If COVID-19, soaring unemployment, historic civil unrest, suffocating wildfire smoke and a chaotic start to the school year are laying siege to Sacramento families, it hasn’t yet translated into more divorces.
So far, the opposite is true.
An SN&R analysis of Sacramento Superior Court records shows that marriage dissolution requests during the past six months of the pandemic are actually down nearly 30% from the same period last year, and that family law filings overall are down nearly 27%.
Between March and the end of August, Sacramento’s family law court received 5,657 total filings, notably fewer than the 7,748 filings received over the same time frame in 2019.
Through the first six months of the pandemic, 1,914 people filed for divorce, 1,472 sought domestic violence restraining orders and 142 pursued restraining orders concerning elder or dependent abuse.
Those figures are all down from the same period last year.
Another court marker of domestic strife—civil harassment filings—dropped 31% during the pandemic.
And while it’s true that the coronavirus crisis essentially shuttered Sacramento Superior Court for two months, there wasn’t a surge in family law filings once the court reopened.
These figures contrast with sensational headlines about soaring divorce rates amid the lockdown. Fox News and The Daily Mail conflated rising interest in divorces from surveyed couples and attorneys’ predictions of impending breakups with an actual increase in divorce proceedings. Both click-bait news outlets cited speculative data from a company that was trying to curry free advertising for its legal document templates.
That’s not to say the pandemic and its ripple effects might not accelerate the collapse of more marriages. It just hasn’t happened yet.
“I suspect there are a lot more people in the lower income bracket who just can’t afford it,” said Amber White, an associate attorney and mediator at Burke Law Firm, Inc., “just based on the level of contentiousness we’re seeing in the cases we are seeing.”
Are couples fracturing under the pressures of the pandemic?
While Sacramento’s family law filings are down, White said she and her colleagues have been much busier.

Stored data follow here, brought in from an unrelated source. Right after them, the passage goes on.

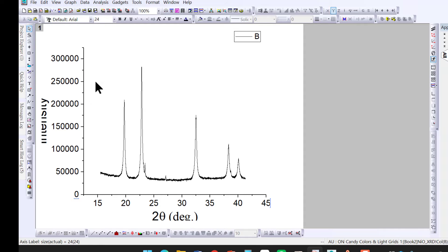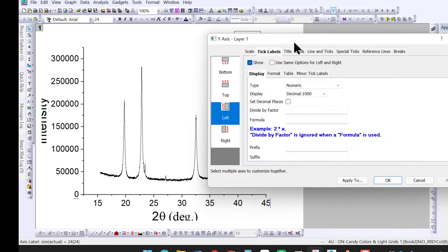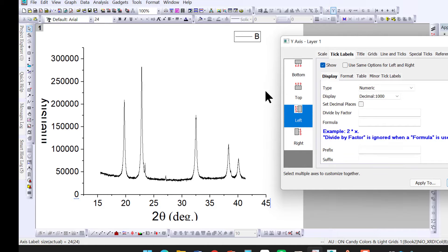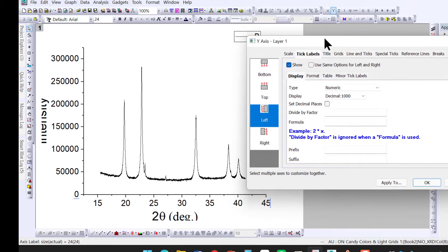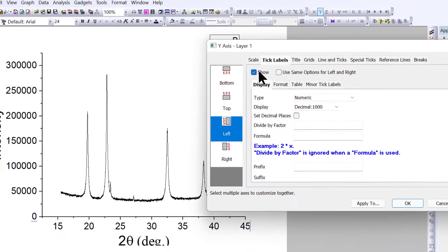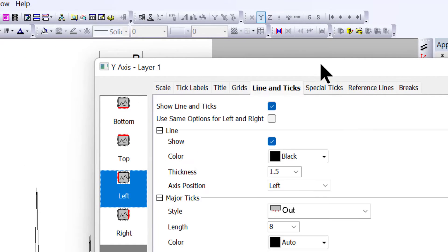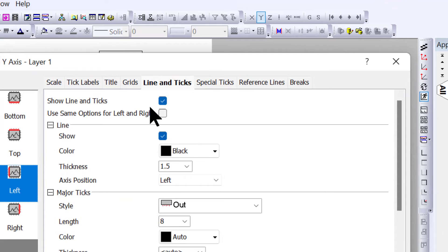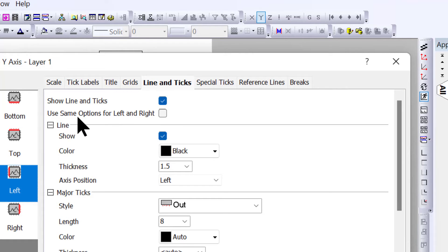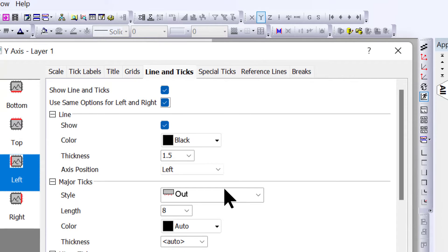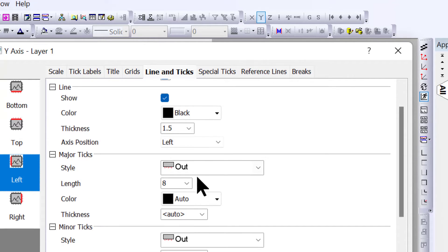If you want to create borders, you can see lines along the x and y axes, but there's no top or right edge. Click on the left edge, then click on Line and Ticks. Show line and ticks, and use the same option for left and right.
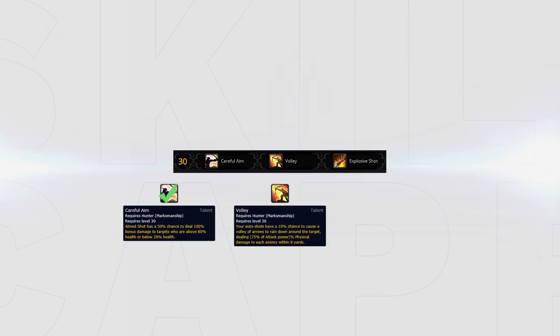Volley is primarily focused around AoE cleave for PvE offering very little in terms of damage for PvP in general as it requires your targets to be stacked within 8 yards. This can also cause you more trouble as it procs off your auto attacks meaning if the target you are focusing is close to your trapped target you can break your own trap without having any control over it.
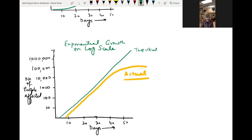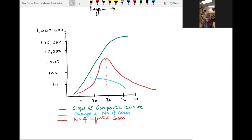The best explanation for this is what we call the Gompertz curve. The Gompertz curve is named after the person who described this mathematical function back in 1825. He described the relationship between the logarithmic scale of number of people affected and time, and how these things behave over a period of time.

Her law firm works with clients primarily in Sacramento and El Dorado counties, but also handles cases in Placer, Amador and Yuba counties.
“We are not typically as busy as we are right now. We are swamped,” White told SN&R. “Everyone’s a little exhausted.”
That’s partially because there’s a lot more business that doesn’t involve processing new legal separations.
White said the firm’s ongoing cases have picked back up and that there’s been “a huge uptick” in financial support and child custody modifications due to rising unemployment and the start of the distance-learning school year.
Some of this has been complicated by the end of federal stimulus aid and changes to unemployment benefits. “Every time unemployment changes, a new support calculation has to be done,” White explained.
This is normally the time of year the divorce business slides into hibernation for the holidays before picking back up after the New Year. But White doesn’t expect that to happen unless there’s another lockdown or the economy plummets further.
“We are not typically this solidly busy in September with no sign of slowdown,” she said.
A kinder, gentler divorce?
The coronavirus crisis forced Sacramento Superior Court to suspend operations toward the end of March—resulting in zero divorce filings in April. Months later, business still isn’t back to normal.
Filing counters and clerks’ offices remain closed, meaning all family law filings have to be submitted through the mail or court drop box. That may have slowed the pace of filings for people representing themselves, even as the court has started back up with in-person family law trials and shifted other matters online.
Mediation appointments, settlement conferences and hearings for restraining orders are being held virtually, while the Family Law Self Help Center has reopened to review files and conduct workshops remotely.
Before the pandemic hit, the court offered a One Day Divorce Program for lower-income people representing themselves. That’s been suspended through the end of the year.
The Burke Law Firm offers something called collaborative divorce, which takes separated couples out of the courtroom and puts them in a room with their own attorneys, coaches, mediators and a financial adviser. The goal is a mutually favorable agreement without litigation or lingering acrimony. The collaborative model costs more up front, but White said it saves money and heartache in the long run.
She said it hasn’t been harder to convince couples to go the collaborative route during the pandemic, despite the mounting pressures of the year.
“All of the cases are emotionally fraught,” White said. “People are having a harder time taking a deep breath.”